The Olympic champion’s battle will be primarily against the clock, but there will be internal struggle too, between Grainger’s competitive instinct, the one that has driven her to win three Olympic silver medals and, finally, a gold in London, and the simple truth that, after two years away from a boat, she might not, for the moment at least, be the best in the business.

“It’s the first step for anyone trying to make the team and it’s the first step for me on a long road,” Grainger admitted. “But that’s why I need to be here. It’s the right thing to be doing it, but it’s also the right thing to be seen to be doing it.
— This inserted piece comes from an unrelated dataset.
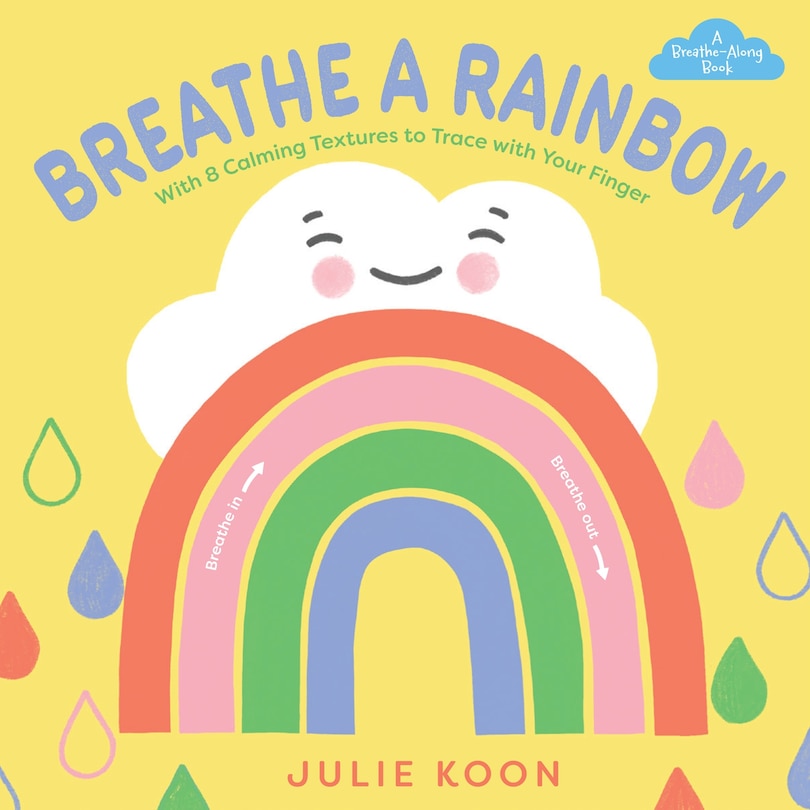 Couverture_Breathe a Rainbow (An Interactive Board Book)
I’m not going to be treated any differently.”

On the morning of her first day back as a full-time — and, out of choice, unfunded — athlete, Grainger set the alarm for 6am and took the familiar road from her home in Maidenhead to the GB squad’s training base in Caversham. Jess Eddie, who was part of the women’s eight team who finished fifth in the London Olympics, had rung to ask if Grainger wanted her old place back in the changing-room. Grainger gratefully accepted and arrived early to reclaim her spot, just opposite the door.
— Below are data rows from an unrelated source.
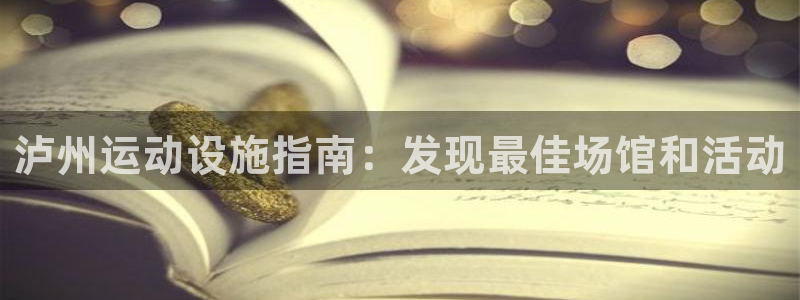 意昂3五金厂：泸州运动设施指南：发现最佳场馆和活动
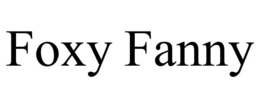 FOXY FANNY trademark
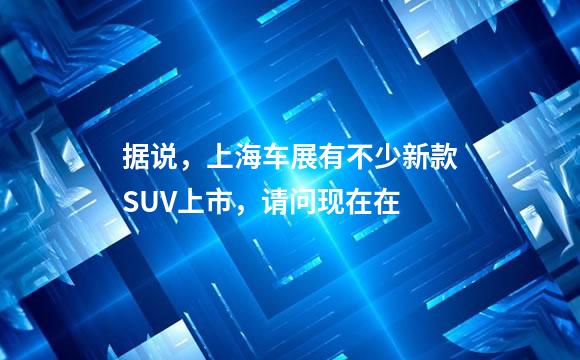 据说，上海车展有不少新款SUV上市，请问现在在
Her first text of the day came from Anna Watkins, her partner in the double sculls in London. It read: “12km? Weights?” Exactly right. If it’s Tuesday, it must be a 12km steady row and a session in the gym; Wednesdays, two sessions and a half-day; Thursdays, two sessions, one on the water, one weights. Welcome back to a week laid down by years of success and defined by the unforgiving red numbers on the ergo machine.

“I was nervous driving in, but I didn’t know why,” Grainger said. “I’d not been part of the squad for two years and everyone had carried on without me. How would I fit in? I had to accept that I wasn’t going to come back where I’d left off. I didn’t know whether I’d made the right decision. I didn’t speak to the whole team but I did want to reassure them that I wasn’t back to fix things; I was back because I loved the sport and I loved the environment. I also wanted the team to know that I wasn’t just there to have a go. You make a big commitment as soon as you walk through the door. Nobody plays at this.”
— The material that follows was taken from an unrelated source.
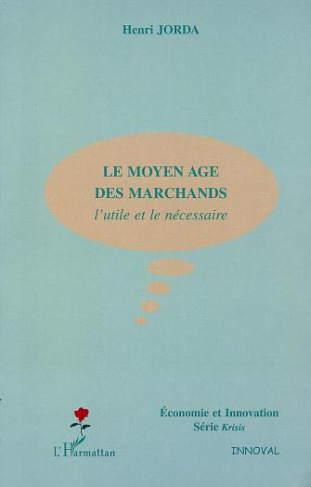 Le Moyen Age des marchands. L'utile et le nécessaire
The banter began with the first group stretches but just as quickly died down. On the first day back in training for the whole team, every hamstring felt tight. But the routine, the fetching and carrying of the boat, the endless lifting of weights, the queuing for breakfast in the crew room, the jostling for position at the tables, was eerily and reassuringly familiar.

For two years, Grainger had pleased herself. She had completed her PhD in homicide at King’s College, University of London; written her autobiography, Dreams Do Come True; worked for the BBC as a rowing pundit; been elected onto the British Olympic Association’s athlete commission; attended hundreds of different functions, many as an after dinner speaker, and sampled normal life for the first time in almost two decades.

For months she had wrestled with the idea of coming back, searching for a definitive reason to say yes or no. “Physically, I thought I’d be OK,” she said. “I was more worried about the mental side of it, being just a cog in the wheel again. But I’ve been surprised how quickly I’ve adapted, frighteningly quickly actually. In normal life, days can come and go without any significant achievement and at times I found that frustrating. Sport gives you this incredibly purposeful life. You know what it’s all leading to.”

In the end, Grainger came back because she felt she could, a feeling sharpened by the struggles of the women’s squad at the world championships in Amsterdam in August, where only Helen Glover and Heather Stanning, who broke a 12- year-old world record in the pairs, won gold. Watching from the outside, feeling the disappointment, Grainger felt she still had something to offer. The question of “Why come back?” changed subtly to “Why not?”

Quietly, away from prying eyes, Grainger has been testing herself on the water. “I wanted to know if the boat felt alien after such a long time away,” she said. “But the feel was still there and the enjoyment and the excitement. It felt right to be back in the boat.” She has also assimilated the relentless ‘swish swish’ of the ergo back into the soundtrack of her life, hauling her reluctant body through the weekly timed 18km (75-minute) tests, rediscovering a level of physical exhaustion that makes turning on the kettle afterwards a major feat of endurance.

If Grainger is setting targets for today, she is keeping them to herself. “It’s a time trial, which I’ve never enjoyed,” she said. “But it will be good to be on the start line when it does start to matter and to go through all the emotions. It makes it very real. It would be daft to say, ‘I’ll win’, but I will know if I’ve performed well or not.”

Grainger’s journey to the shores of Brazil in 2016 begins today on the flatlands of Lincolnshire and there is no time to be lost.